In our opinion, real estate is the best way to grow wealth for accredited investors.
It is a limited commodity that has a proven track record of lucrative returns, the offer of diversification, and resilience to economic recessions.


One of the biggest reasons investors diversify their real estate investment portfolio is to mitigate risk exposure. The phrase “don’t put all your eggs in one basket” applies directly to this concept, as spreading your investment across a broad spectrum is how investors balance risk.

There are several types of diversification as by niche and geography.


Niche Diversification

Spreading investments amongst luxury propertiesis a great way to achieve this. Understand asset cycles and trends. Some areas like office may not do so well in a down economy where more stable assets like apartments, homes may hold up nicely.

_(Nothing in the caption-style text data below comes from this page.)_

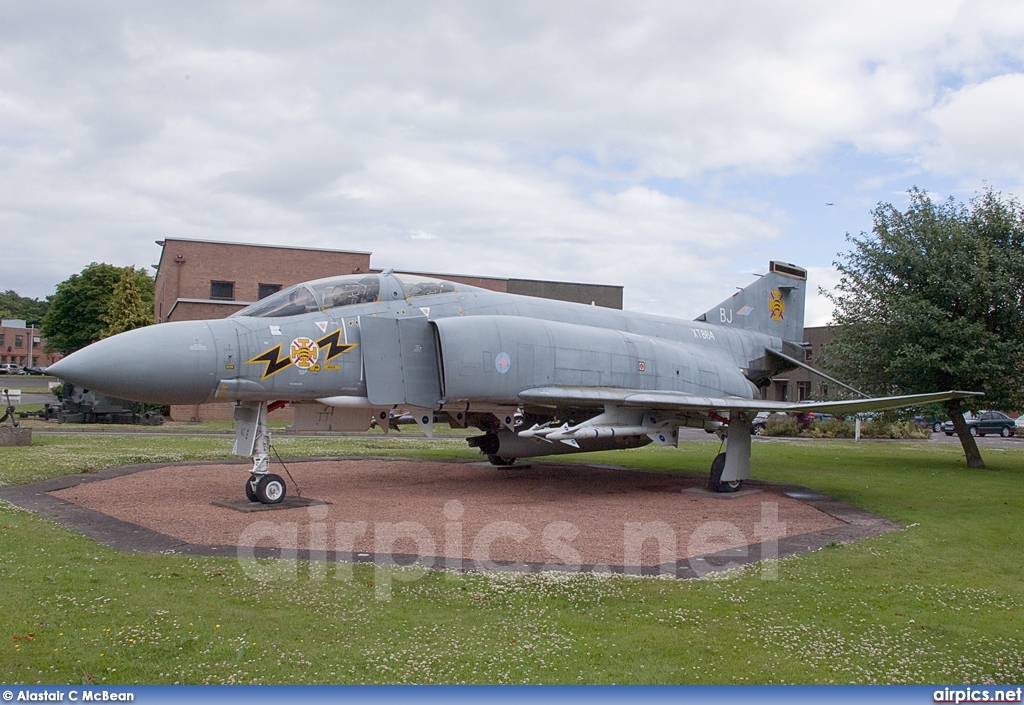 XT864, McDonnell Douglas Phantom FG.1, Royal Air Force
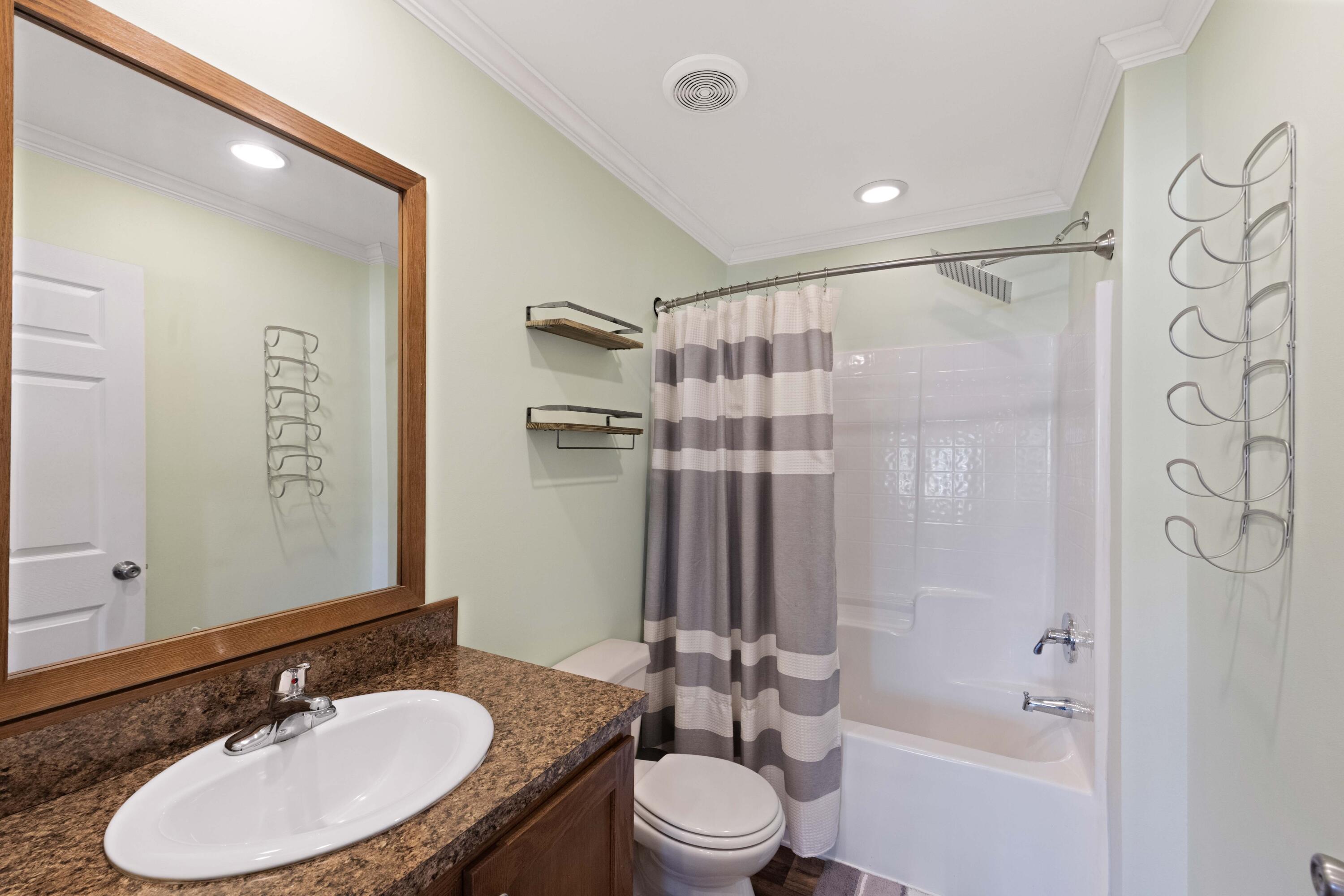 1156 State Rd S-8-376 Moncks Corner, SC 29461 - Photo 29 of 59 1156 Old Cherry Hill Rd Interiors LR-8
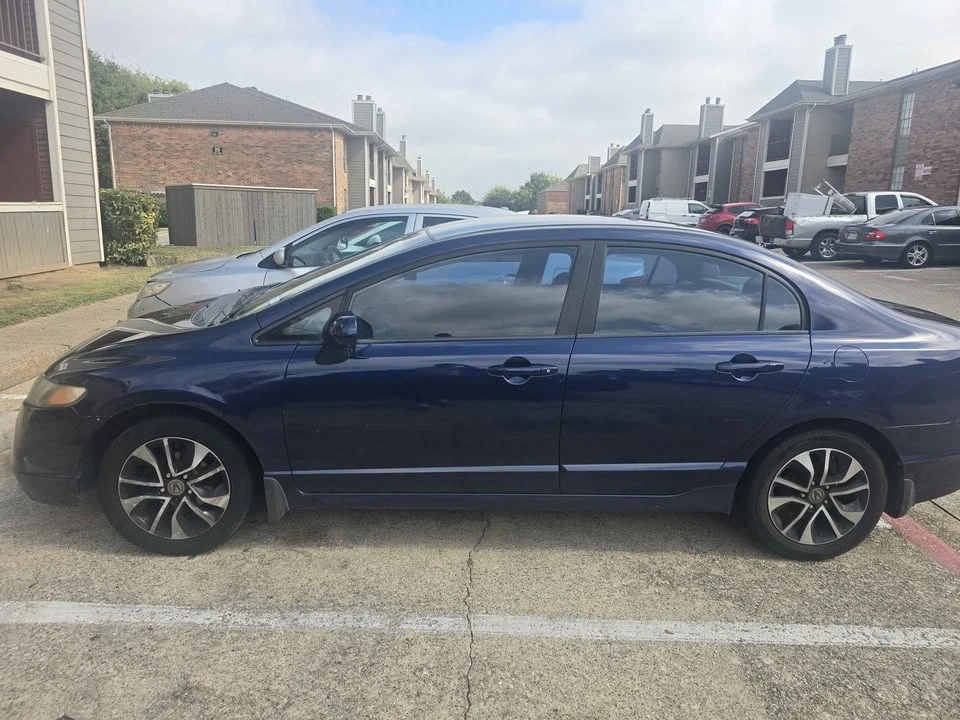 2011 Honda Civic 8th Gen - Image 4 of 4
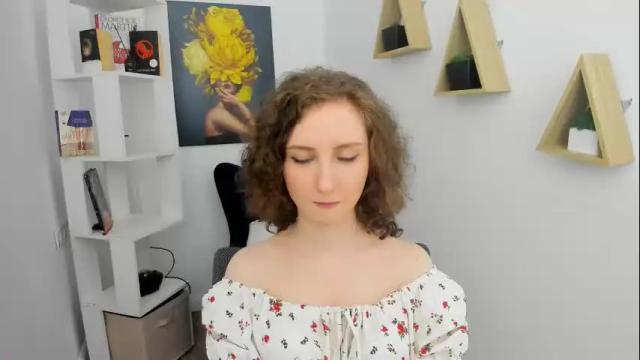 Image 3 of winterfairytale1 Stream on Chaturbate on 8 days ago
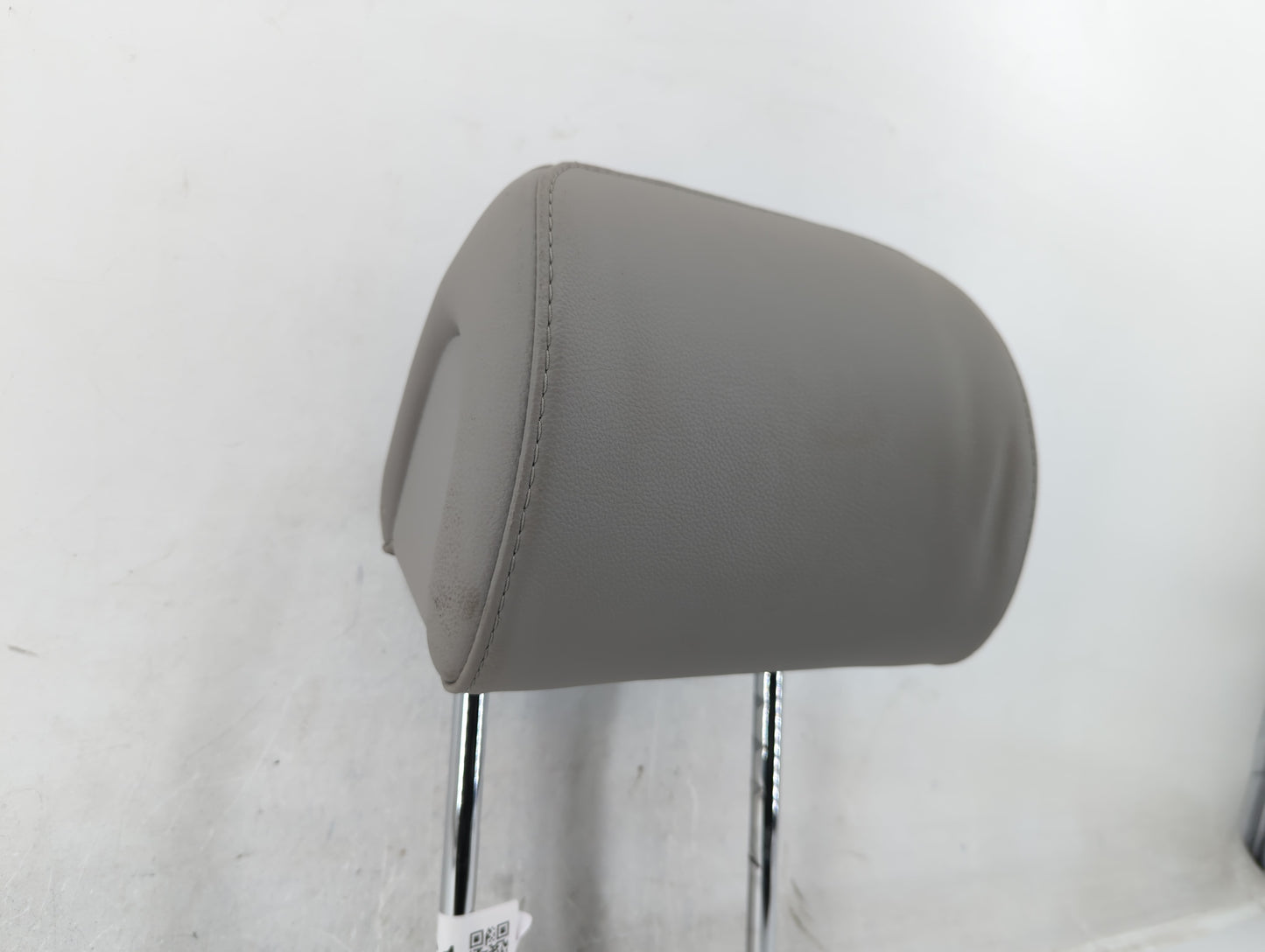 2017 Hyundai Sonata Headrest Head Rest Front Driver Passenger Seat Fits OEM Used Auto Parts - Oemusedautoparts1.com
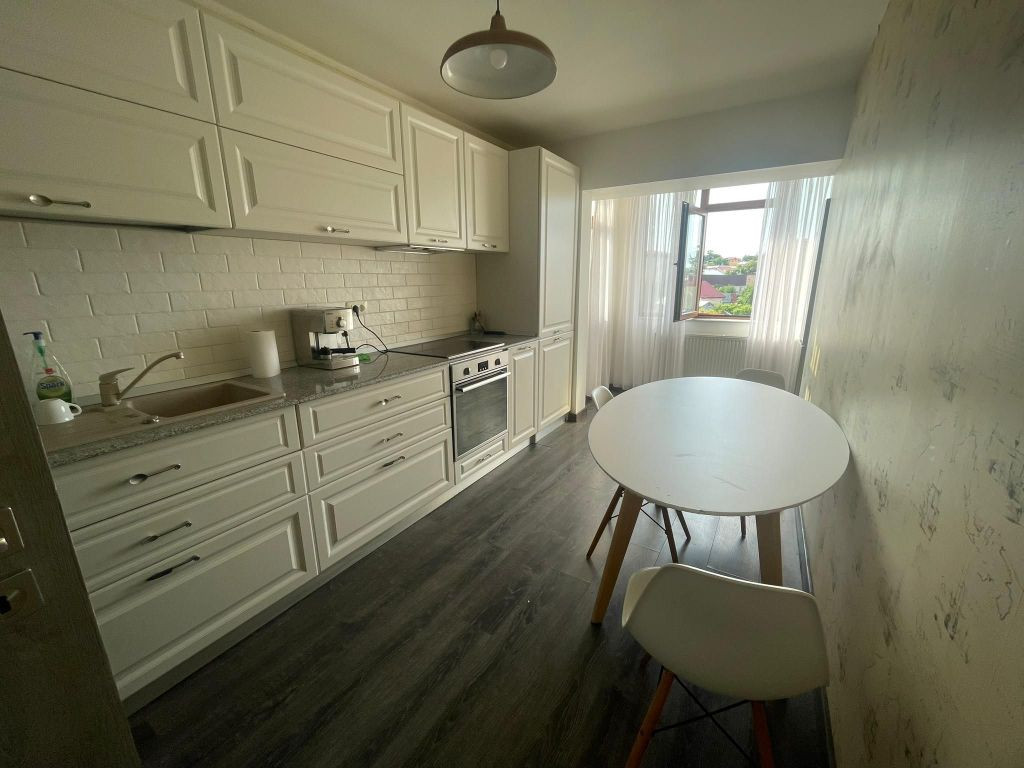 Apartament 3 camere de inchiriat – Mazepa, zona Agentia...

Geographic Diversification

Another form of diversification within real estate syndication is geographically. Some of the best deals are out of state in growing markets. It can be very difficult trying to be an active out of state investor due to competition, relationships, market knowledge, etc but if you align yourself with a reputable, successful operator in that local market you can gain access to some great deals you otherwise wouldn’t have had access to.


Some of the best real estate investment opportunities are in significant properties or development projects. Because real estate syndications give you the ability to pool your funds with other investors, you are able to get exposure to this asset class, without a seven or eight figure investment.


Possibly the most beneficial reason to consider syndicating your funds for real estate is that you have the ability to be a passive investor.

When you invest the syndicator will handle all aspects of the deal: due diligence, locating a profitable properties, hiring and managing and so on. Investors will pay the syndicator via the performance of the deal with a split of the cash flow and appreciation.

In exchange for the sponsor fee, you are able to be completely passive as an investor.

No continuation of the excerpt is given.